After the Second World War , Schmid helped build the SPD in Württemberg. Professionally, he worked from 1945 to 1953 as attorney general for the state of Württemberg-Baden . In July 1953 it appointed Minister Reinhold Maier for Secretary of State , the Maier in the Ministry of Justice, after the resignation of Justice Minister Viktor Renner himself led. Schmid was therefore not a minister, but de facto head of the ministry. Schmid resigned from his office in September after he became President of the Stuttgart Higher Regional Court and remained until his retirement in 1964. In 1968 Schmid resigned from the SPD after the emergency laws were passed .

Schmid was married to Trudel born in 1942. Banholzer and had a daughter.

He wrote numerous articles and treatises on legal subjects. Richard Schmid pointed out that the judge only has a chance of independence if he is aware of his dependency. If the judge does not see his true dependence on the people on whose behalf he decides, he becomes negligent and ultimately blind to his dependence on politics.

Richard Schmid Prize

In 2012, the Forum Justizgeschichte awarded the Richard Schmid Prize, endowed with 3,000 euros, for outstanding achievements in the field of contemporary legal history. The award ceremony takes place every two years. The 2012 prize winners were Christoph Jahr for his book Antisemitismus vorgericht and Hans-Christian Jasch for a study about the Nazi lawyer Wilhelm Stuckart . The 2014 prize winner is Maximilian Becker for his book Mitstreiter im Volkstumskampf. German justice in the incorporated eastern territories 1939–1945 . In 2016, Wolfgang Form, Theo Schiller and Lothar Seitz are in Hessen for the book NS-Justiz in Hessen. Persecution - Continuity - Heritage Awarded.

Quotes

“No profession should break away from class-based thinking as much as the judge; he must become internally independent of the group interests between which he often has to decide, and he must not lose the ability to put himself in the shoes of all people with whom he is dealing. "

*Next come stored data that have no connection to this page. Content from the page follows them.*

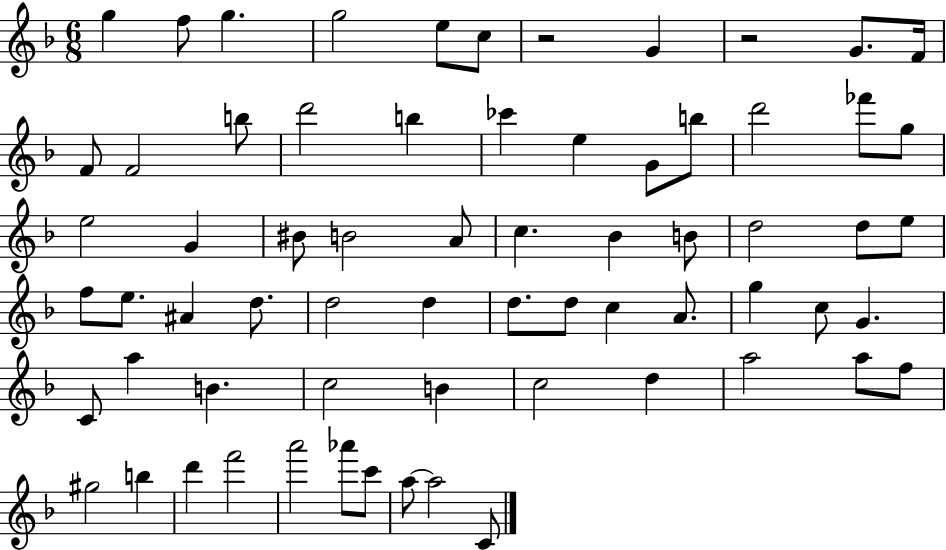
G5/q F5/e G5/q. G5/h E5/e C5/e R/h G4/q R/h G4/e. F4/s F4/e F4/h B5/e D6/h B5/q CES6/q E5/q G4/e B5/e D6/h FES6/e G5/e E5/h G4/q BIS4/e B4/h A4/e C5/q. Bb4/q B4/e D5/h D5/e E5/e F5/e E5/e. A#4/q D5/e. D5/h D5/q D5/e. D5/e C5/q A4/e. G5/q C5/e G4/q. C4/e A5/q B4/q. C5/h B4/q C5/h D5/q A5/h A5/e F5/e G#5/h B5/q D6/q F6/h A6/h Ab6/e C6/e A5/e A5/h C4/e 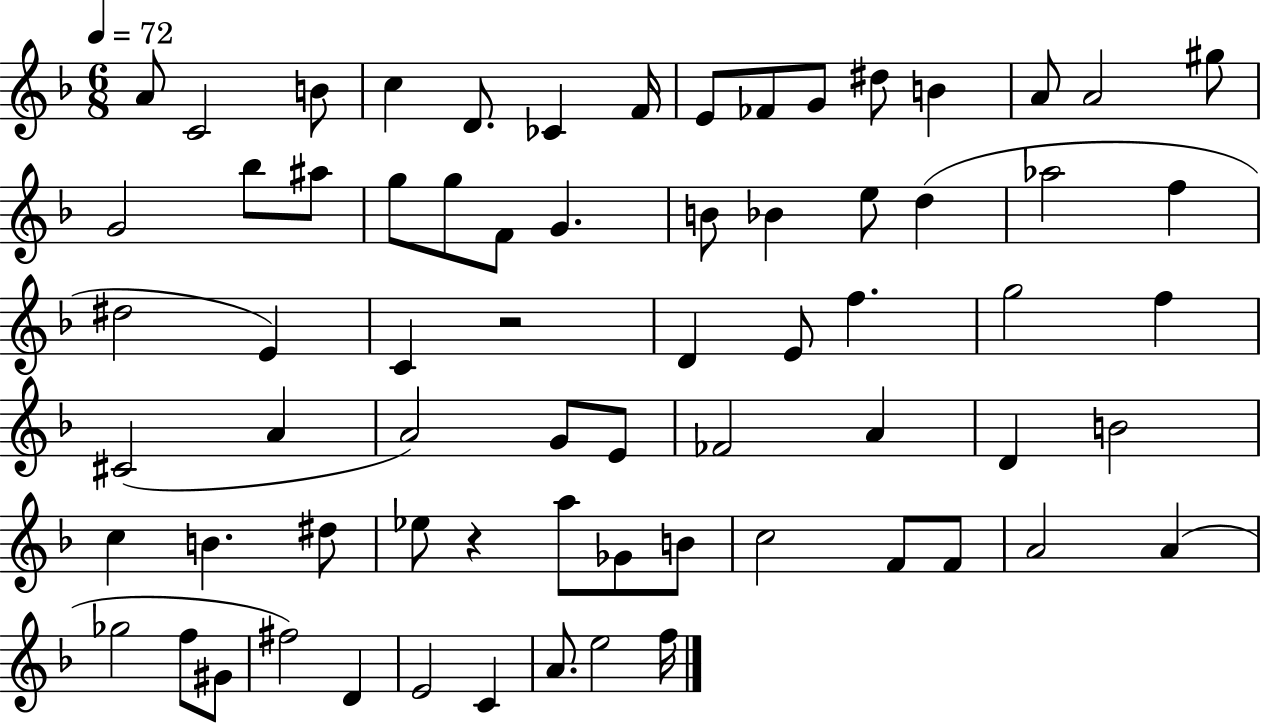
A4/e C4/h B4/e C5/q D4/e. CES4/q F4/s E4/e FES4/e G4/e D#5/e B4/q A4/e A4/h G#5/e G4/h Bb5/e A#5/e G5/e G5/e F4/e G4/q. B4/e Bb4/q E5/e D5/q Ab5/h F5/q D#5/h E4/q C4/q R/h D4/q E4/e F5/q. G5/h F5/q C#4/h A4/q A4/h G4/e E4/e FES4/h A4/q D4/q B4/h C5/q B4/q. D#5/e Eb5/e R/q A5/e Gb4/e B4/e C5/h F4/e F4/e A4/h A4/q Gb5/h F5/e G#4/e F#5/h D4/q E4/h C4/q A4/e. E5/h F5/s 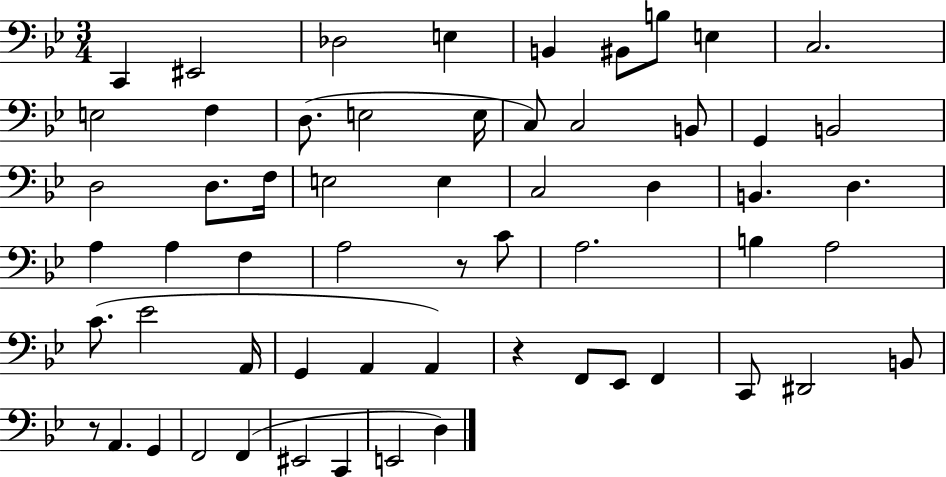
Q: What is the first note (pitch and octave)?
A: C2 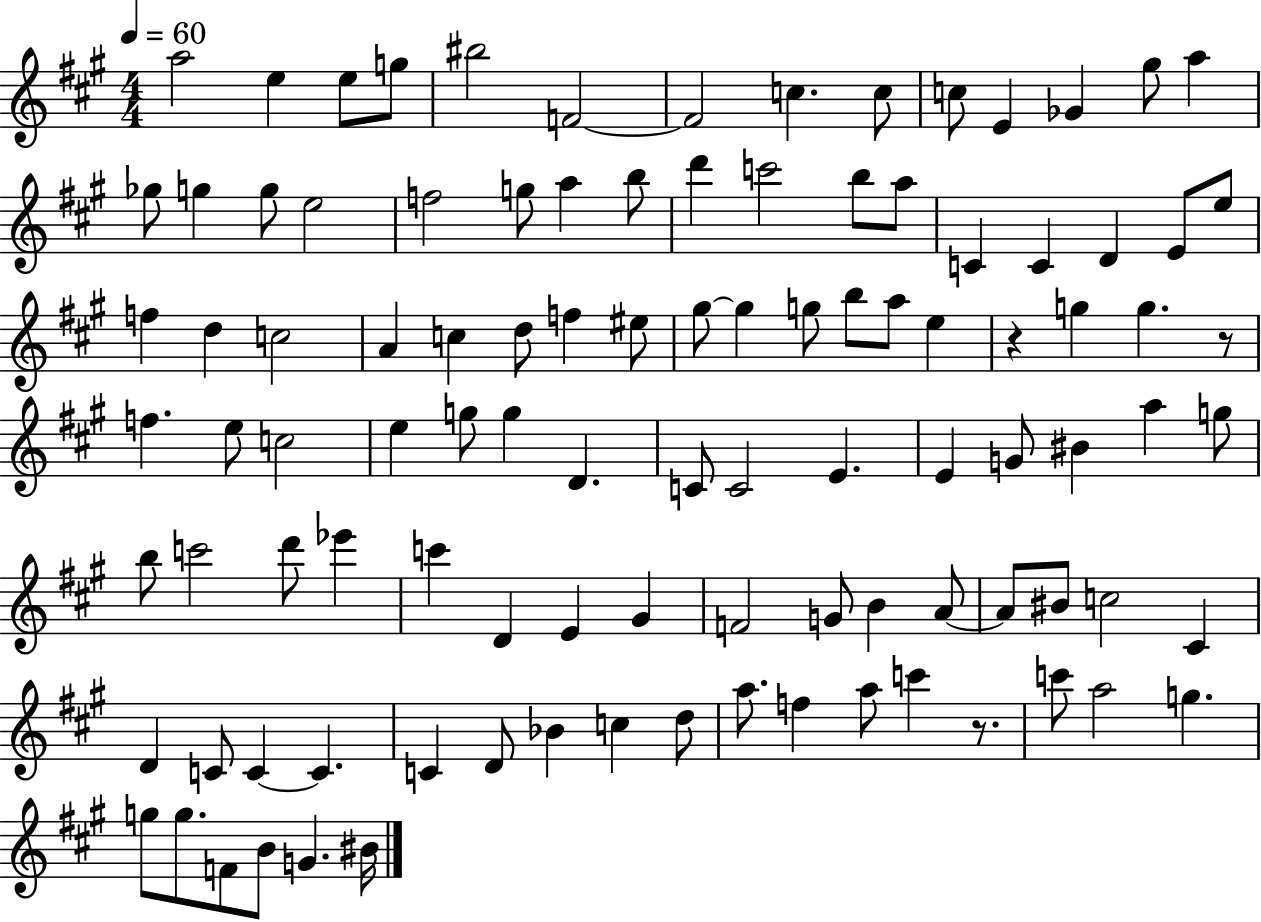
A5/h E5/q E5/e G5/e BIS5/h F4/h F4/h C5/q. C5/e C5/e E4/q Gb4/q G#5/e A5/q Gb5/e G5/q G5/e E5/h F5/h G5/e A5/q B5/e D6/q C6/h B5/e A5/e C4/q C4/q D4/q E4/e E5/e F5/q D5/q C5/h A4/q C5/q D5/e F5/q EIS5/e G#5/e G#5/q G5/e B5/e A5/e E5/q R/q G5/q G5/q. R/e F5/q. E5/e C5/h E5/q G5/e G5/q D4/q. C4/e C4/h E4/q. E4/q G4/e BIS4/q A5/q G5/e B5/e C6/h D6/e Eb6/q C6/q D4/q E4/q G#4/q F4/h G4/e B4/q A4/e A4/e BIS4/e C5/h C#4/q D4/q C4/e C4/q C4/q. C4/q D4/e Bb4/q C5/q D5/e A5/e. F5/q A5/e C6/q R/e. C6/e A5/h G5/q. G5/e G5/e. F4/e B4/e G4/q. BIS4/s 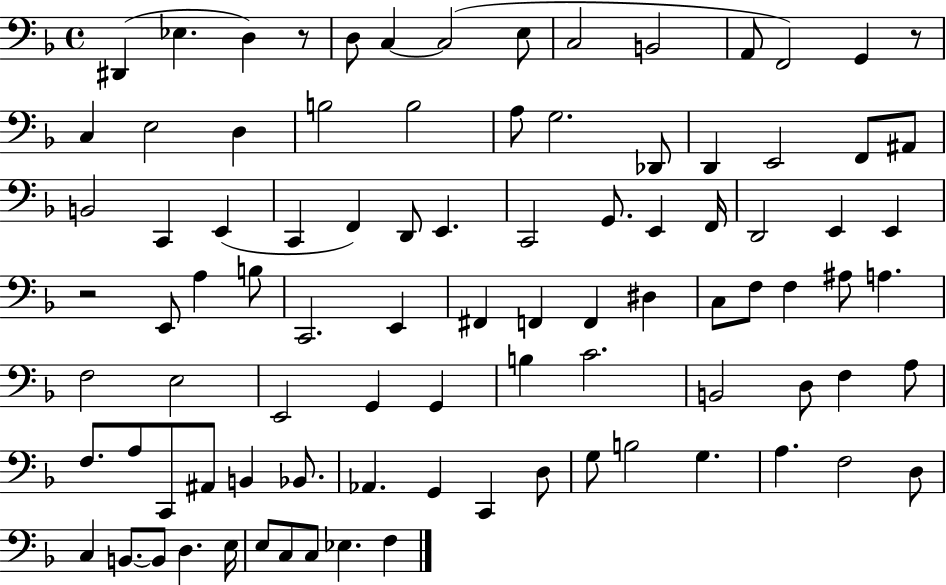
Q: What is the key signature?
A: F major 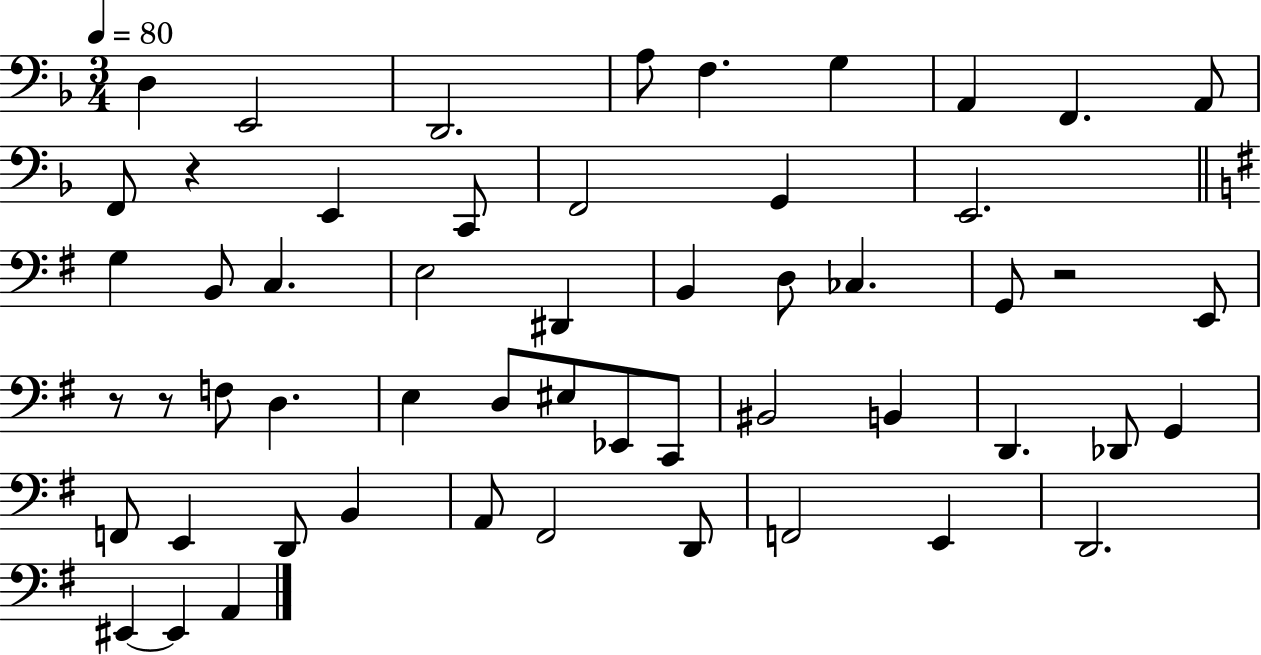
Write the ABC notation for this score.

X:1
T:Untitled
M:3/4
L:1/4
K:F
D, E,,2 D,,2 A,/2 F, G, A,, F,, A,,/2 F,,/2 z E,, C,,/2 F,,2 G,, E,,2 G, B,,/2 C, E,2 ^D,, B,, D,/2 _C, G,,/2 z2 E,,/2 z/2 z/2 F,/2 D, E, D,/2 ^E,/2 _E,,/2 C,,/2 ^B,,2 B,, D,, _D,,/2 G,, F,,/2 E,, D,,/2 B,, A,,/2 ^F,,2 D,,/2 F,,2 E,, D,,2 ^E,, ^E,, A,,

- Richard Schmid : In: Objections .

Works

  • Objection. Criticism of laws and courts . Stuttgart 1965
  • Strike and Lockout . Frankfurt am Main 1965
  • Justice in the Federal Republic . Pfullingen 1967
  • Our basic law? Practice u. Criticism . S. Fischer, Frankfurt am Main 1971, ISBN 3-10-070901-2 .
  • Lockout, right or wrong? Frankfurt am Main 1972
  • The discomfort with the judiciary . Beck, Munich 1975, ISBN 3-406-04923-0 .
  • Last reluctance . Edition Cordeliers, Stuttgart 1984 ISBN 3-922836-28-3 .

literature

  • Hans-Ernst Böttcher: Law, Justice, Criticism: Festschrift for Richard Schmid on his 85th birthday . Nomos, Baden-Baden 1985, ISBN 3-7890-1092-8 .

Web links

Individual evidence

  1. ^ Richard Schmid Prize ( memento of September 9, 2012 in the Internet Archive ) at the Justizgeschichte Forum (accessed on November 13, 2015).
  2. Richard Schmid: Objections. Criticism of laws and courts. Stuttgart 1965, p. 243.